In recognition of the growing size and scale of private capital investment in Australia, we've established a Private Equity Program focusing on tax risks associated with transactions and activities of Australian-based private equity firms and their associated private equity participants. These participants include investors, funds, target entities, owners of domestic private equity firms and family offices that undertake or participate in private equity activities.

Our focus includes all stages of the private equity investment lifecycle: pre-acquisition, acquisition, holding, pre-exit, and exit.

Retail

We continue to focus on GST risks within the retail industry where we've observed that GST reporting errors often occur from a lack of appropriate systems and controls. These risks typically increase during periods of business growth or when there are changes to the business structure or operating model. Specific focus areas include:

  • transactions between entities within the same private group
  • omission of income from sales
  • misclassification of voucher sales and warranty payments
  • claiming input tax credits for non-creditable acquisitions.

Cross-border transactions

We've observed a number of privately owned wealthy groups engaging in diverse cross-border transactions without understanding or being aware of their reporting obligations. Risks and issues related to cross-border transactions include:

  • intangible migration arrangements
  • incorrect self-assessment of significant global entity (SGE) status
  • related-party financing, thin capitalisation and debt deduction creation rules
  • controlled foreign company (CFC) compliance (see common CFC errors)
  • failure to disclose international related-party dealings in the international dealings schedule.

For more information, see Private Wealth International Program.

Crypto assets

We're focused on ensuring crypto asset transactions are reported correctly. Our specific focus areas include:

  • crypto asset investors omitting or incorrectly reporting capital gains or losses from crypto transactions
  • crypto asset businesses omitting or incorrectly reporting income and expenses.

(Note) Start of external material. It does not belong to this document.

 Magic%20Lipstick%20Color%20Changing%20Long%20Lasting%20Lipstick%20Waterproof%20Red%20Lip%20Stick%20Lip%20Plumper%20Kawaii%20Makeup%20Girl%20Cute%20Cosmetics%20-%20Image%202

Our Crypto assets data-matching program matches what private groups report in their tax return with data on crypto asset transactions and accounts from service providers.

Use of tax-exempt or concessionally taxed entities

While there are many reasons for having a self-managed super fund or not-for-profit organisation, we'll focus on arrangements where private groups inappropriately use tax-exempt or concessionally-taxed entities and structures in order to minimise or avoid tax.

This includes private groups:

  • inappropriately using self-managed super funds to access the concessional tax rate
  • inappropriately setting up or using income tax exempt vehicles, including ancillary funds, to access tax concessions and private benefits they otherwise would not be able to access.

Private groups need to consider the potential tax consequences for entities within their group that may arise from these arrangements.

Retirement villages

We continue our focus on retirement villages based on insights from our engagements to date. We review both GST and income tax positions taken through the retirement village lifecycle. Areas we're focused on include:

  • incorrect application of GST-free provisions
  • omission or incorrect calculation of the GST increasing adjustment when purchasing a retirement village as a GST-free going concern
  • related-party transactions and incorrect valuations
  • land-lease structures.

For more information, see Retirement villages and tax.

GST refund fraud

We're maintaining a strong focus on arrangements designed to improperly obtain GST refunds, particularly those involving artificial and contrived transactions between entities within the same private group, such as those described in TA 2025/2 Arrangements designed to improperly obtain goods and services tax refunds.

These arrangements will generally involve the manipulation of structures, reporting, timing, or non-payment of GST obligations, and may include either:

  • false or exaggerated invoicing
  • mismatched accounting methods
  • the appearance of high-value transactions where no genuine economic activity has occurred.

Our compliance efforts are informed by intelligence and data analytics, and we're working across the system to detect and disrupt these arrangements early.